Variances, special permits and lawyer fees
For most businesses, though, the effect of the zoning is not just to acknowledge what is now made and sold in Cambridge and where – updating a set of rules largely untouched since the 1960s to now even include ax throwing – but cutting down on the red tape that slows entrepreneurs from getting started making money. Changing zoning to match modern practices means fewer businesses will have to apply for variances and special permits before flipping the “open” sign. “If you have to go to a particular board, whether that be Planning Board or BZA, they have a long docket and you have to kind of get in line behind everybody who came first,” said Iram Farooq, assistant city manager for community development.
The three to six months that businesses report waiting would evaporate for many, and the need for professional help. “The cost is mostly legal fees associated with hiring the lawyer to help them go through that process,” Saffari reported hearing from business owners during an outreach process that ran from 2018 to last year.
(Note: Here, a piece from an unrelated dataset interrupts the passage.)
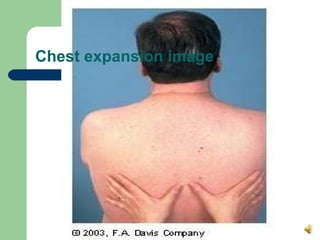 Testing Chest Expansion Thorax And Lungs.330.Ss.09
Community Development Department officials gave examples of how the zoning changes would help. For instance, the Looks women’s clothing boutique at 2 Arrow St., Harvard Square, needed a variance to turn office space into its retail showroom, but under the new zoning that change would be allowed as of right; Curio Spice at 2254 Massachusetts Ave., North Cambridge, required a “light manufacturing” style special permit just to mash seeds or other plants into jars, but the new zoning would see it as a “craft” manufacturer allowed by right because the shop takes up less than 2,500 square feet.
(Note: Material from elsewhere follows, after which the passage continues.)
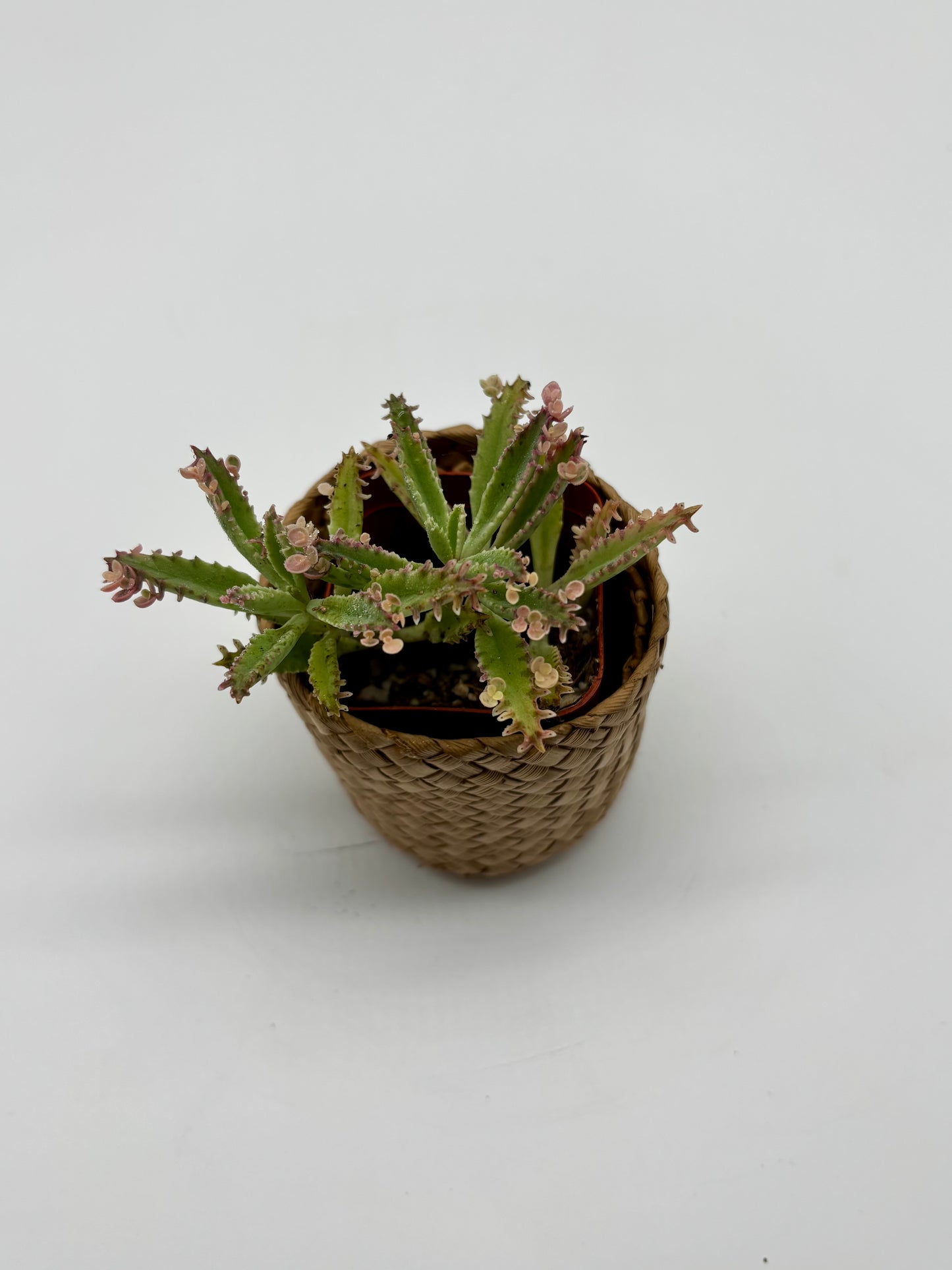 Charming Alligator Plant in Small Woven Coaster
The zoning will also ease parking requirements; relax definitions based on the amount of dine-in versus takeout for food sellers; and fix a “hybrid” use problem leading to a bizarre Board of Zoning Appeal case in 2019 that risked businesses in certain zones citywide combining uses such as food, alcohol and entertainment. The policy cited then by Ranjit Singanayagam, head of the city’s Inspectional Services Department, would demand that the Shine Square Pub near Porter Square use its pinball games only two days a week – or that the Lizard Lounge could host music two days a week, even though it’s been a seven-day entertainment venue for decades. (To get around the contradiction, Singanayagam argued to the BZA in 2019 that what the Lizard Lounge does “must be background music.”)
Fixing a broken “hybrid”
Councillor Patty Nolan tried to pin down with city staff that the limitation had been fixed in the proposed zoning, and that “if I decided to start Nolan’s Pub, that I would be able to have some entertainment … without being limited.”
“I think it does,” said Jeff Roberts, director of zoning and development. Even in areas where entertainment isn’t allowed, a business could still have entertainment on up to 25 percent of its floor area or 25 percent of the total hours of operation. “Some things might be considered accessory to the principal use, and that’s a different consideration, [one] made by by Inspectional Services Department.”
With even councillors still not certain the issue had been addressed, the question was raised again at a virtual community conversation run Thursday by the small-business group Cambridge Local First. The city’s former assessing director Robert Reardon said he confirmed the fix with Roberts. “On the music venue, that will be corrected in the zoning,” Reardon said. “There’s still another piece of it that will be possibly licensing that’ll have to be worked on.”
Theodora Skeadas, executive director of Cambridge Local First, noted that the organization has helped drive the home kitchen business conversation with Andree Entezari, a city planning student at Boston University who had a residential kitchen business in Los Angeles making and selling dehydrated fruit strips. He became the center of an advocacy campaign pushing for Cambridge and Boston to allow home cooking retail permits – Somerville and other communities already do – with help from CLF and the Sustainable Business Network of Massachusetts. “It’s been so interesting for us to see how an activist can really drive this conversation from the grassroots all the way to the statewide level,” where state Rep. Erika Uyterhoeven has become a booster, Skeadas said.